Authorities in western Libya have released 105 prisoners loyal to renegade military commander Khalifa Haftar, in a move towards reconciliation in a United Nations-backed peace process following years of fighting.
Libya’s new unity government took office earlier this month, replacing two rival administrations that had ruled eastern and western regions of the country.
After a decade of chaos since longtime ruler Muammar Gaddafi was removed following a NATO-backed uprising that left multiple forces vying for power, the unity government has prioritised reconciliation efforts ahead of national elections scheduled for December.
The men were fighting for the 107th Brigade under the command of Haftar, who in April 2019 launched an offensive to seize Tripoli. The fighters had been captured near the western city of Zawiya that same month.

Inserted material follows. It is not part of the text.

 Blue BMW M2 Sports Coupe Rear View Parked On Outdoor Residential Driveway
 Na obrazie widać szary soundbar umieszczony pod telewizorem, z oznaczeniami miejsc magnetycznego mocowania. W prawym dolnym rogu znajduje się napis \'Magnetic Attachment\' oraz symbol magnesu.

On Wednesday, they were released following a ceremony in Zawiya, 45 kilometres (28 miles) east of Tripoli. Abdallah al-Lafi, vice president of the country’s new presidential council, gave a speech in which he praised the liberation of the prisoners as “a concession in the interests of the nation” and called for further reconciliation and rebuilding.
After the ceremony at a sports ground in Zawiya, the prisoners were released and reunited with their families.

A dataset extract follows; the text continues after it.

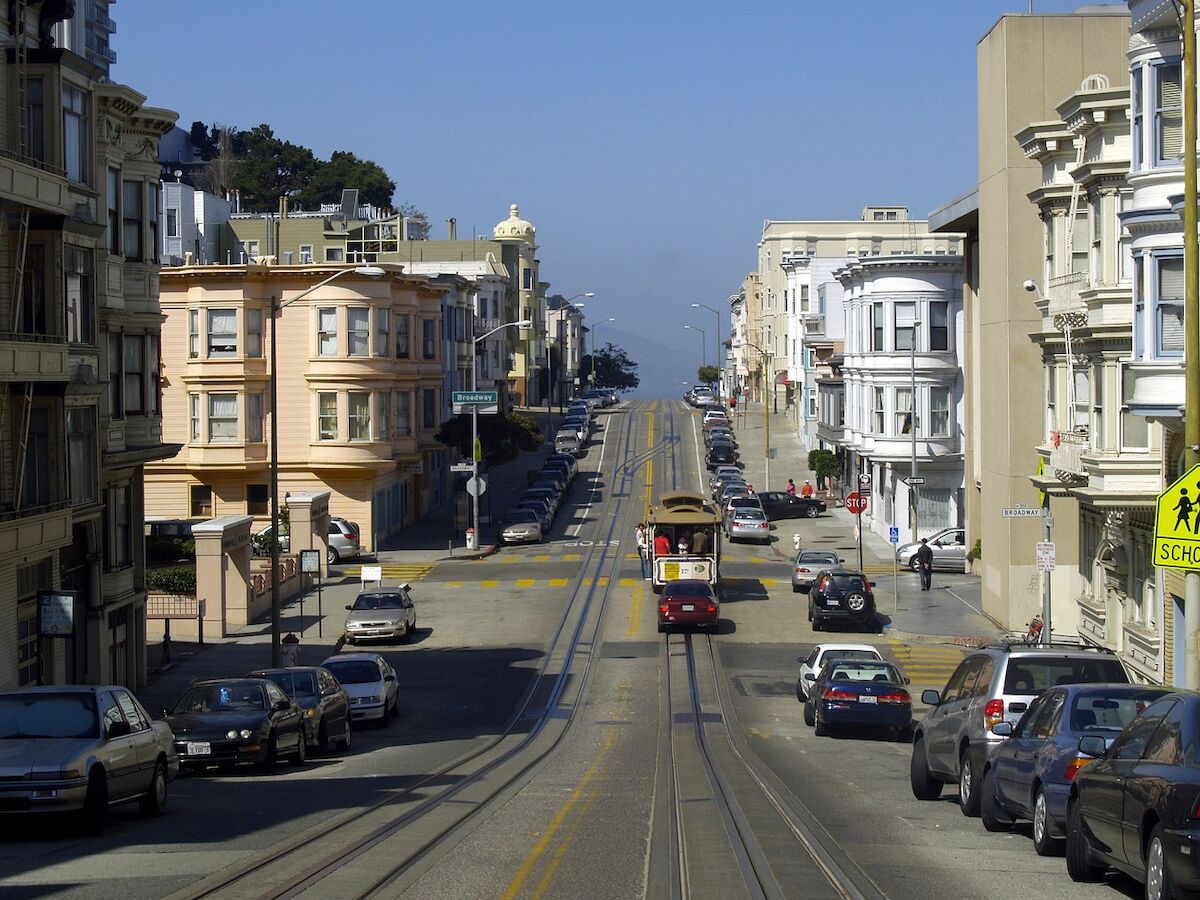 A street scene with a classic tram on hilly tracks, surrounded by rows of parked cars and city buildings under a clear blue sky.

A mother, who wished to remain anonymous, told Al Jazeera that two of her sons were among those released.
“I am so happy. May god bless our country with security and stability, and may he unite all Libyans and give us prosperity.”
Ali Al-Lafi, the Zawiya police chief, told Al Jazeera the release was agreed at a local level.
“This initiative was undertaken by the tribal and political leaders of Zawiya and will help reconciliation efforts,” he said.
Al Jazeera’s Malik Traina, reporting from Misrata, said the move to free prisoners was not part of an official prisoner swap, rather it is a gesture of goodwill.
“The development is a symbol of goodwill so that Libyans can turn the page and move towards bringing the country together after years of division, as we move towards coming elections,” he said.
Traina said that it was easy for the government to initiate the latest move as the prisoners in question surrendered peacefully and were not thought to be responsible for the killing of any civilians.
Prime Minister Abdul Hamid Dbeibeh’s unity government emerged from talks involving the United Nations. It is mandated to improve services, unify state institutions and oversee elections.
Coming after months of a ceasefire between the two main sides in the civil war, it appears to represent Libya’s best hope for many years of an eventual resolution after the decade of chaos.
However, several problems persist. On the streets, power is still held by an array of local armed groups that have vied for control of the country’s oil wealth.
The new unity government is also tasked to unify state institutions before the coming elections.
Foreign powers that backed each side during the war have not pulled out fighters or arms yet, although the unity government has demanded the “immediate” withdrawal of all foreign mercenaries. There are thought to be about 20,000 foreign fighters and mercenaries on Libya’s territory, posing a threat to the UN-backed transition.